3Dlabs can be proud to be among the first gaming texture mapping 3d accelerator to the PC. However, Gaming Glint was not very useful and did not gain the company any valuable mindshare. The next chip Permedia 1000 started only with OpenGL and other drivers for professional applications. Still, their owners were among the lucky few of the time who could enjoy accelerated GlQuake. "Pervasive 3D" strategy enough for 3Dlabs to keep reaching for mainstream. When second-generation Permedia arrived in the market in the fall of 1997 with support for both Direct3D and OpenGL, gamers were watching. It was quite an advanced chip with significantly higher per clock performance than the first Permedia. It kept high quality, high resolution output qualities of professional boards, and seemed future proof for the time. It newly integrated beefy DMA engine, AGP interface, full triangle setup, true color 3d calculations and much improved video engine with MPEG2 acceleration.

The card

Nothing much to get excited about, Permedia 2 boards look simple, cost-efficient.

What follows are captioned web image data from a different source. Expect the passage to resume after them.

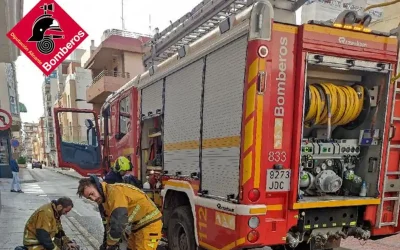 Intervención Rápida de Bomberos en Incendio de Edificio en Torrevieja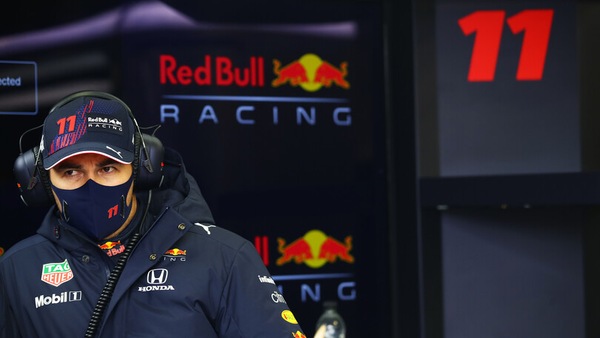 Red Bull, Perez a disposizione del team, non di Verstappen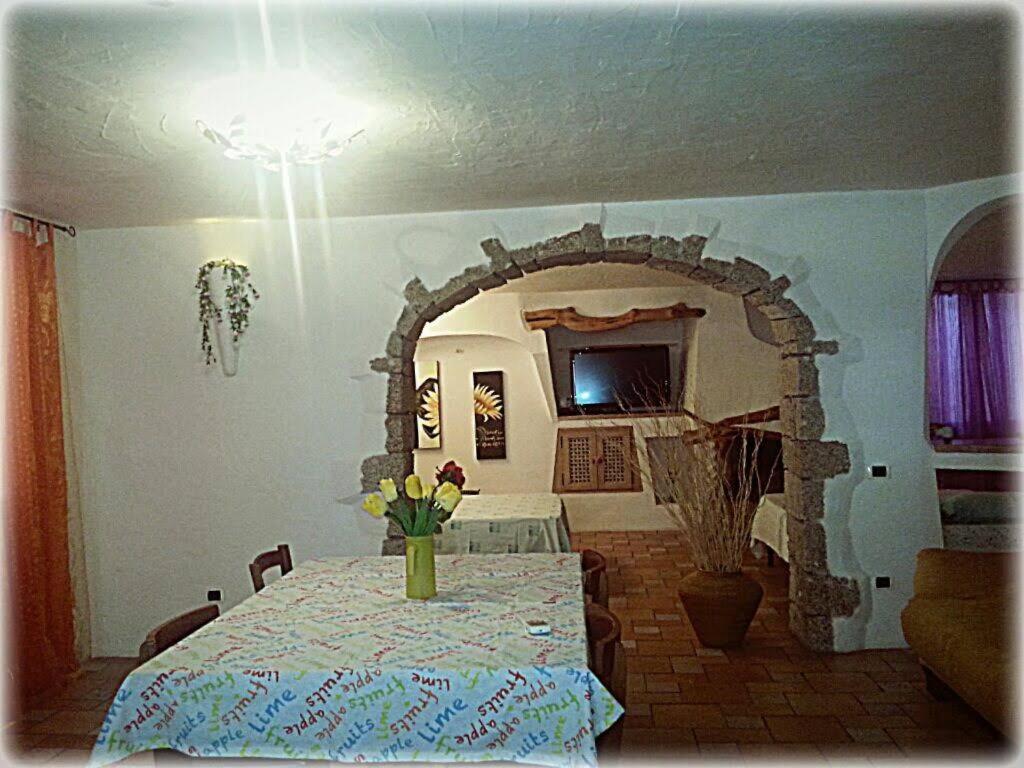 Appartement Sardegna Casa A 250 Metri Dal Mare Con Piscina à Olbia Extérieur photo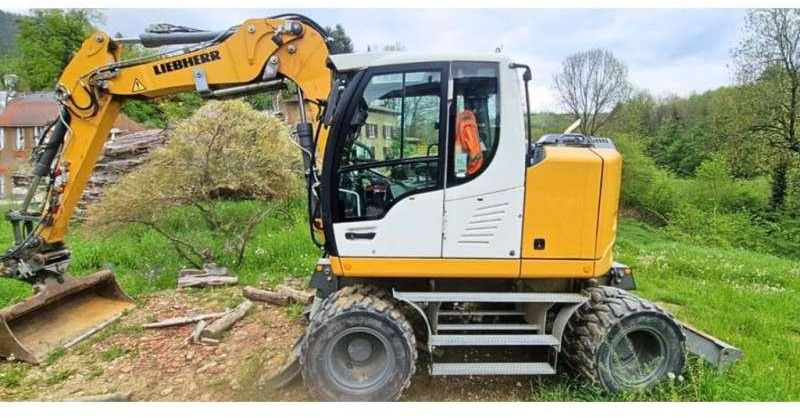 Liebherr Pelle sur Pneus A912 COMPACT - Pelle sur pneus: photos 3 Liebherr Pelle sur Pneus A912 COMPACT - Pelle sur pneus: photos 3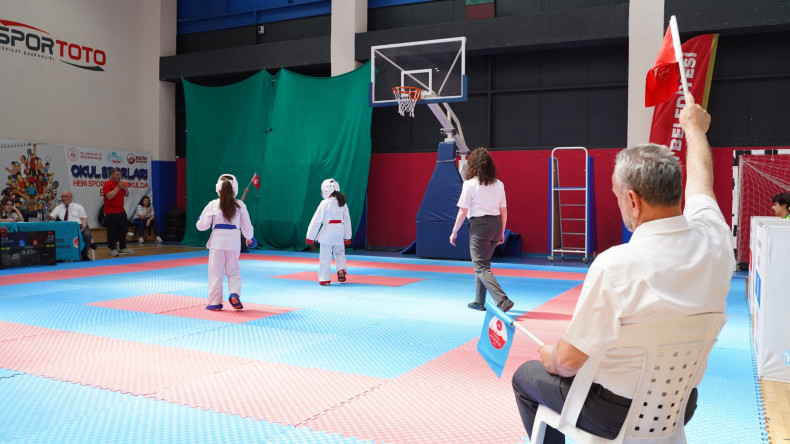 1453 İstanbul'un Fethi Yıldızlar Karate Şampiyonası Fatih'te Mücadele Dolu Karşılaşmalara Sahne Oldu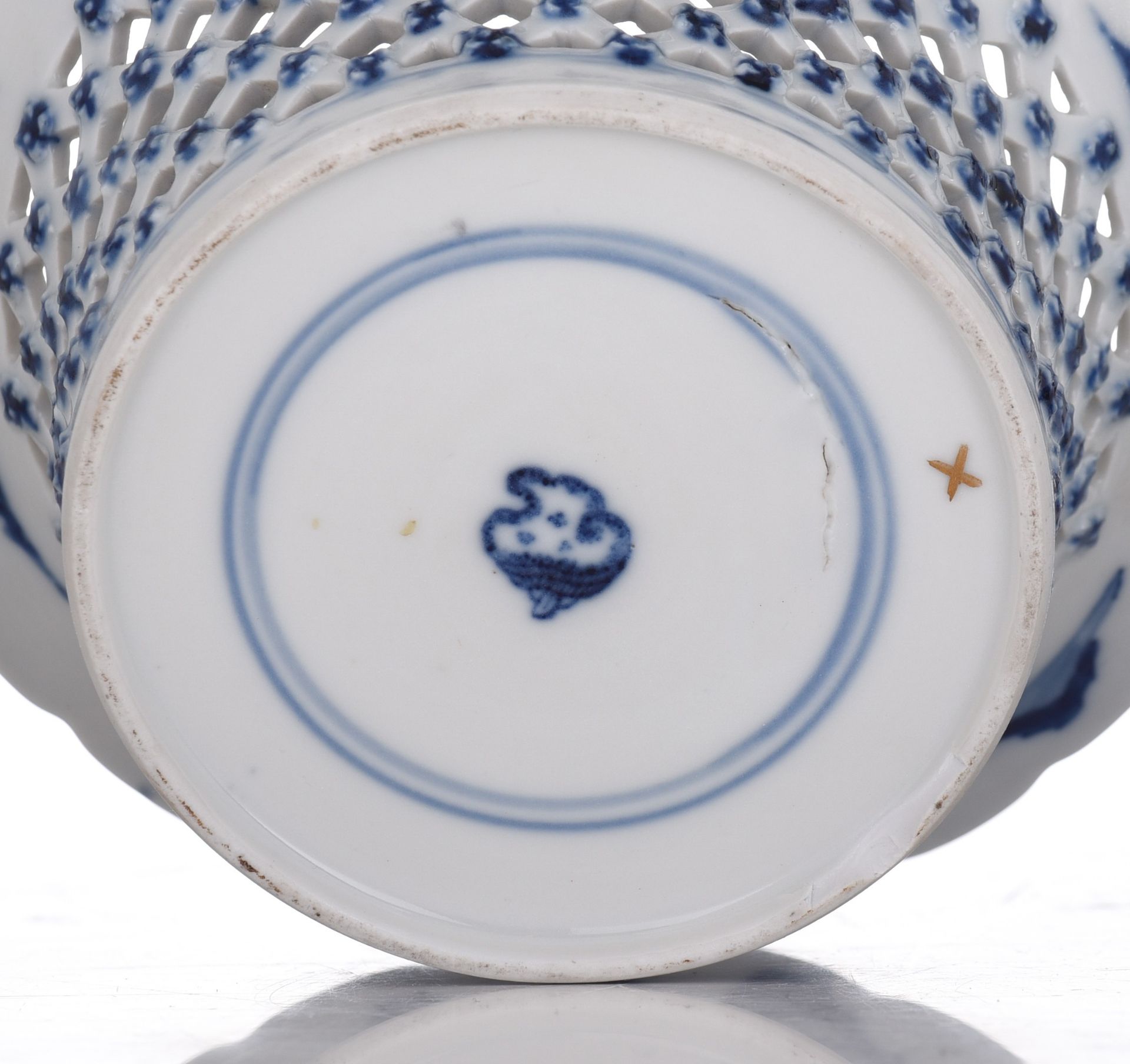 A Chinese blue and white openwork 'Hunting' basket, with symbol mark and of the Kangxi period, H 10, - Image 8 of 17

Creative Labs surprisingly avoided first Permedia, but they came back to 3Dlabs for the second. By that time the CGL API was history, so there is no 3D Blaster compatibility with exception of Battle Arena Toshinden 2.5. The card in the review is Graphics Blaster Exxtreme Value Edition, with 4MB of SGRAM and AGP bus it well represents the game-centric choice of Permedia 2 board. 8 MB cards were also common and would do a bit better though. Either my card is unlucky or Creative pushed this one to the max. Permedia 2 is specified to run at 83 MHz and all cards I've seen used synchronized SGRAM memory. However, Entech softwares are reporting chip clock of 2/3 of memory, if this is correct then it would be even lower than the first revision of the first Permedia chip. From CT6620's 82 MHz you cannot gain more than two megahertz without running into artifacts. That's why there aren't overclocking results. It wasn't until Permedia 2V die shrink that clocking got some headroom (~15%). Under the heatsink, you would find the Texas Instruments logo as well and the chip is also known under their codename as TVP4020. The alliance continued, Permedia 2 integrates TI's 230 MHz DAC with 256x32 bit texture lookup table supporting four and eight-bit paletted textures. The last generic Permedia 2 driver version 2105 from April 1999 is used.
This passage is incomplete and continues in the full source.